The Merkine Pyramid





On one of our last days in Lithuania we stopped by a place called the Merkine Pyramid in the forests of the Dzukija National Park. It’s considered a holy structure and brings thousands of people each year from all faiths who seek its (supposed) healing and spiritual powers. According to the creator of the structure, God spoke the location, dimensions, and materials needed to construct the pyramid (which is covered by an impressive and beautiful glass geodesic dome) to him so that people could benefit from the concentration of the subtle energies of the Earth that the pyramid is said to intensify.

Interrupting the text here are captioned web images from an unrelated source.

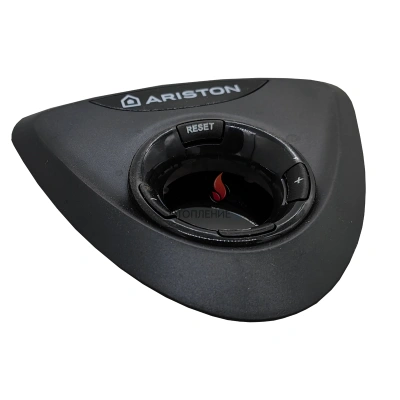 Запчасть для газ. колонки Панель управления Ariston (65152196)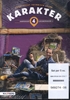 Afbeelding van Karakter Groep 4 Leeswerkboek 4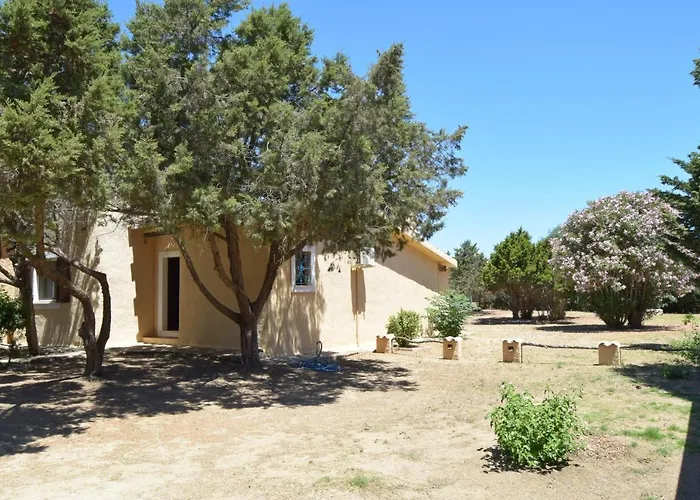 Giunco By La Via Del Mare Viaggi E Vacanze * Villasimius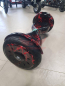 Гироскутер Smart Balance Premium 11" Красная молния Гироскутер Smart Balance Premium 11" Красная молния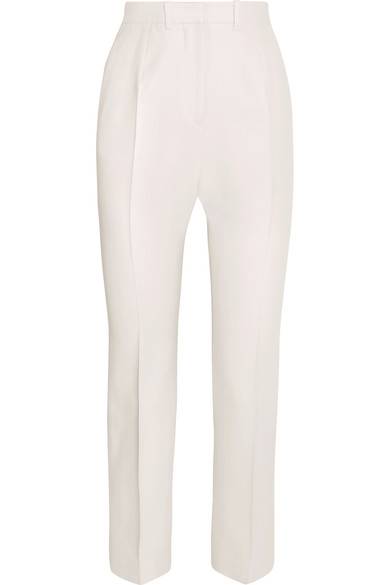 سروال من ALEXANDER MCQUEEN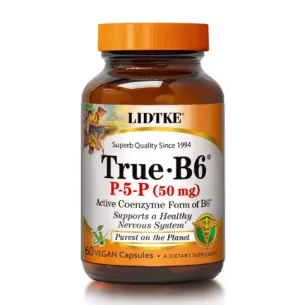 True B6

Now I’m not a believer in much, but I do accept that the Earth is a living, breathing thing, so therefore gives off energy. I’m open to the possibility that the Earth’s energy is more concentrated in some locations, and I can *kind of* get behind the idea that those energies can be intensified in some way. So this, regardless of any religious aspect of the intention, was really interesting to me. I recommend it to anyone with an open mind, or perhaps a good suspension of disbelief.


So, what you do is this: Visit the three crosses at the entrance of the property. Here you are meant to set your intentions for your visit and release all negative thoughts and emotions. From there you walk to the grassy knoll to the right or left of the dome. According to the literature posted, some people feel the most intense energy here. (I’m not embarrassed to admit that I am one of these people.) You then enter the dome. It’s this warm, bright space with light refracting from every triangular panel of glass creating prisms everywhere. You sit on one of the wooden chairs and are encouraged to sing, chant, hum, play an instrument, meditate, paint; whatever your practice is. (I chose to sit silently, which is my default “practice.”) You then can enter the circle of the pyramid, where you pray, meditate, ask, give gratitude — whatever you’ve come to do, from/to whoever/whatever you believe in.

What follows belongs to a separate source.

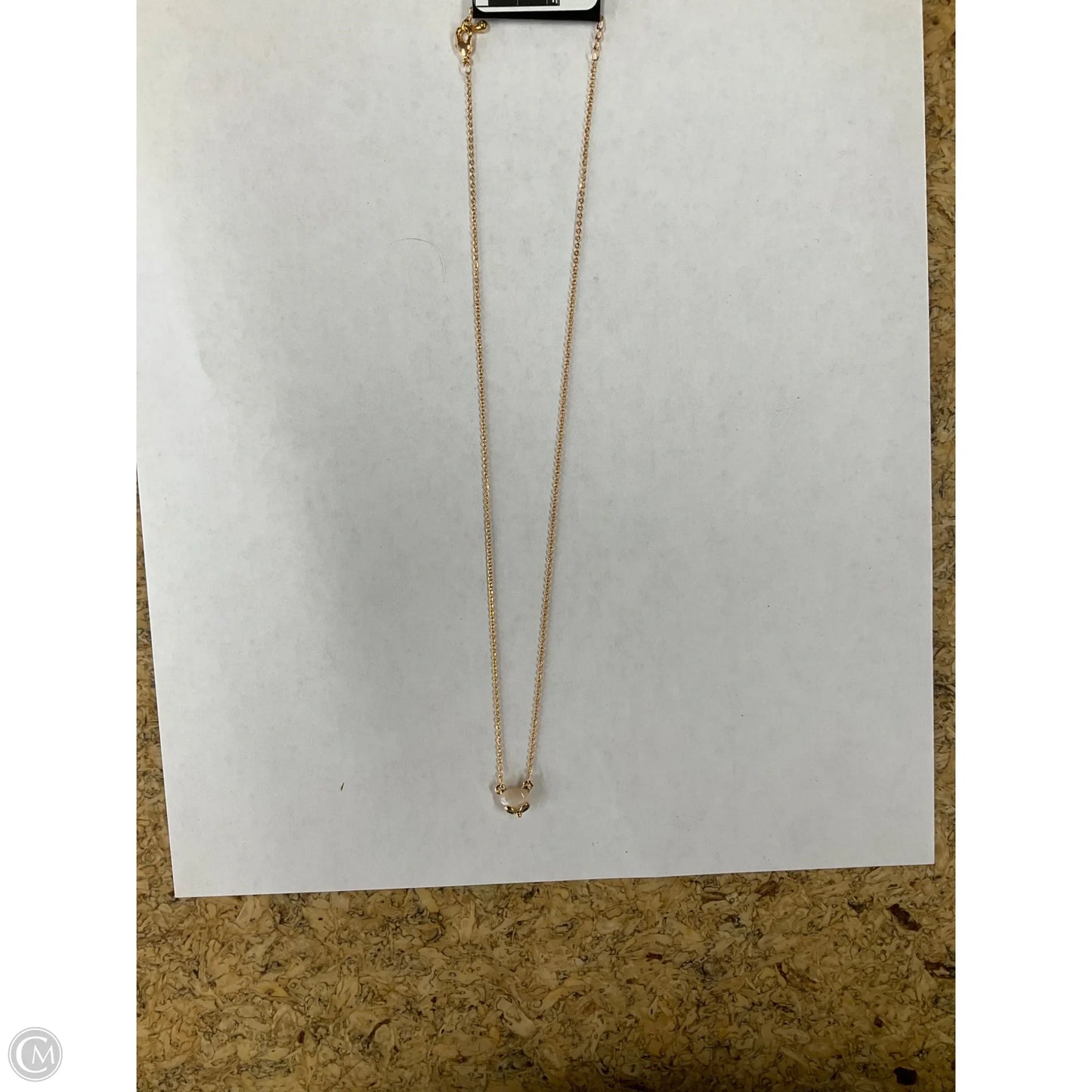 Necklace Pendant By Clothes Mentor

You can then visit the smaller structure next to the dome where there’s a water source pumped from a big tank inside the dome. We called it “dome water” and drank it dutifully from the provided plastic bottles. Two days later while in Rome we both came down with light flu-like symptoms and cursed the dome water. I’m not sure if there was a connection — it’s more likely that our hectic travel schedule was finally catching up to us, but just maybe it was from that dome water. Who knows. I’d drink it again, however. That much I do know.

All in all, I thought this place was pretty magical.